[#] “There’s no reason to be scared.”
Cyclist for Social Change, “The Undocumented”. Three Points, Arizona, April 2006.
[Day Twenty-Nine] On the last day of their April campaign, the Minutemen pull a quarter mile off their “Alpha Line”, Elkhorn Ranch Road, into the desert. Legal observers arrive as a group of migrants approaches two Minutemen and their vehicles. “We were trying to get to Arizona,” they tell legal observers, “but we got lost. Is the highway close to here?” The 86 is fifteen miles away.
“You have the right to keep walking,” Ray says, “but they’ve already called the Border Patrol…” One woman weeps. Two men stare into the dirt, not saying a word. “Here’s more food and water,” Ray says. “There’s no reason to be scared.”
“Why did you call them?” one of the migrants asks a Minuteman, perched on top of his SUV.
“Because it’s our job.”
A mother carries her infant child swathed on her back. The baby starts crying, perhaps dehydrated, and certainly agitated upon the arrival of a Border Patrol helicopter. Repeatedly, the Minuteman directs Ray to "impress upon the mother" that, for the sake of the child, she should not cross the desert again.
“How’s this baby going to make it?” ask the Minuteman.
“I imagine the way they make it every day,” Ray says. “Why did you come to the United States?” he asks the group.
“For work.”
“Out of necessity.”
“To move forward.”
“Oh, I sympathize,” says the Minuteman. “You can tell I speak a little bit of Spanish. I didn’t get it from sitting around on my butt. I worked with Hispanics all my life. Toda mi vida. I’m just concerned that a terrorist might cross the border.”

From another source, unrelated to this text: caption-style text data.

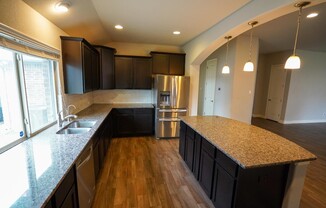 421 STERLING RDG DR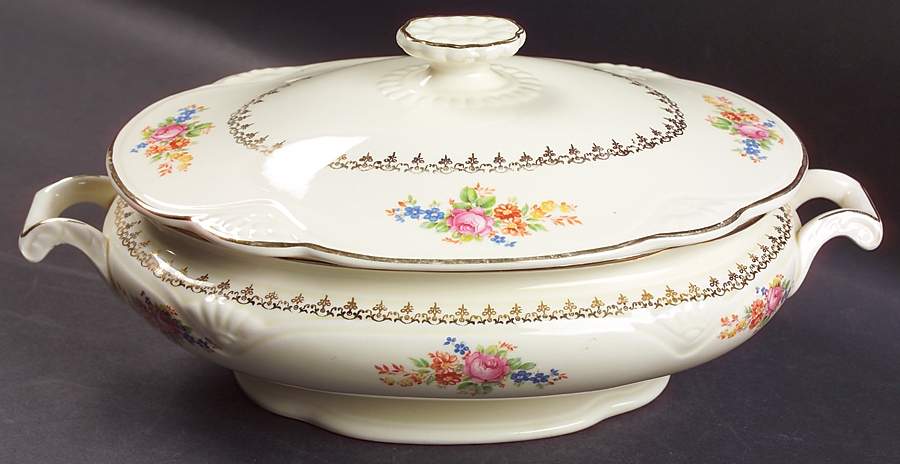 M207 Oval Covered Vegetable by Homer Laughlin -1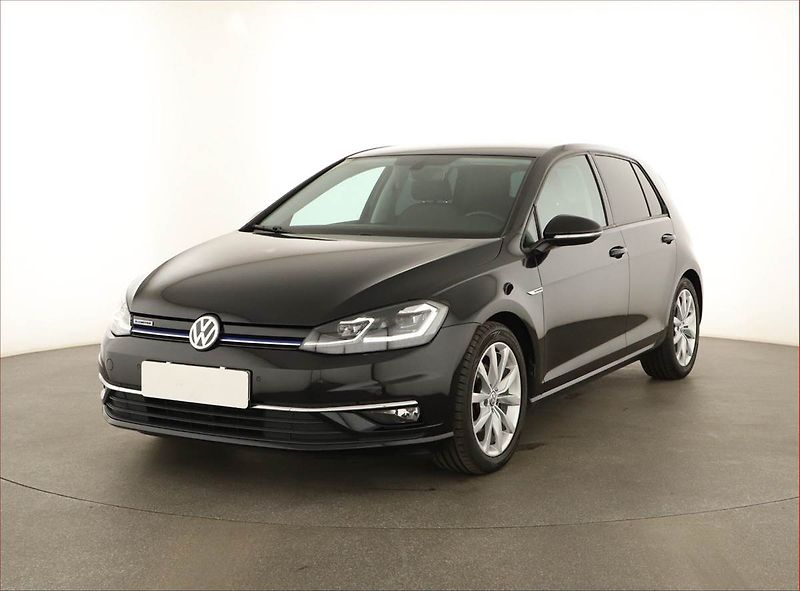 Volkswagen Golf (2020) Highline 1.5 TSI, Serv.kniha - fotka 2 z 15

Ray shakes his head. “Does this baby look like a terrorist to you?”
On their final evening shift, the Minutemen set up their Bravo Line out on King's Anvil Ranch, and another seven cars take off for their Charlie Line, Coleman Road. When they set up at their usual position, three cars leave for a second location—“Charlie Two”. Legal observers follow them until the lead cars turn down a narrow wash. Pineapple Six and Scorpion, two of the Minutemen leaders, are in the third car. They stop in the middle of the road and prop the truck’s hood. “Oh dear,” giggles Pineapple Six. “I don't know how to fix this. I'm not a mechanic.” He circumambulates his vehicle. “Oh dear.”
After several minutes, the lead cars return empty of their passengers, and Pineapple Six’s vehicle starts once again. The Minutemen leave, and we continue along the backroads just north of King’s land. One legal observer hears the squawk of a walkie-talkie off in the distance. He exits the car and mounts the hood of the vehicle, as though a tracker in the bush. He spots footprints. We ditch our vehicle and follow them under a barb-wire fence. We’ve just crossed a line, and we know it.
We hear a walkie-talkie at full volume and return to the north side of the line. We scamper up the adjacent mountains for a better vantage point, and we sight four Minutemen in full camouflage. We hear on their radios that they’ve detained four migrants. We watch them until nightfall, but the foothills block much of our view. We can’t see any migrants. We can’t do anything.
A sheriff’s deputy waves us down from the mountain and tells us that we’re trespassing. We have to leave immediately, he says. We know that we’re on the right side of the line, but Ray arrives and tells us to go home. For a month, we hadn’t stepped foot on King’s property, but now…
“Go home,” Ray says. “Go home.”
A Border Patrol vehicle entered the area but left soon thereafter, Ray tells us later, unable to find either Minutemen or migrants.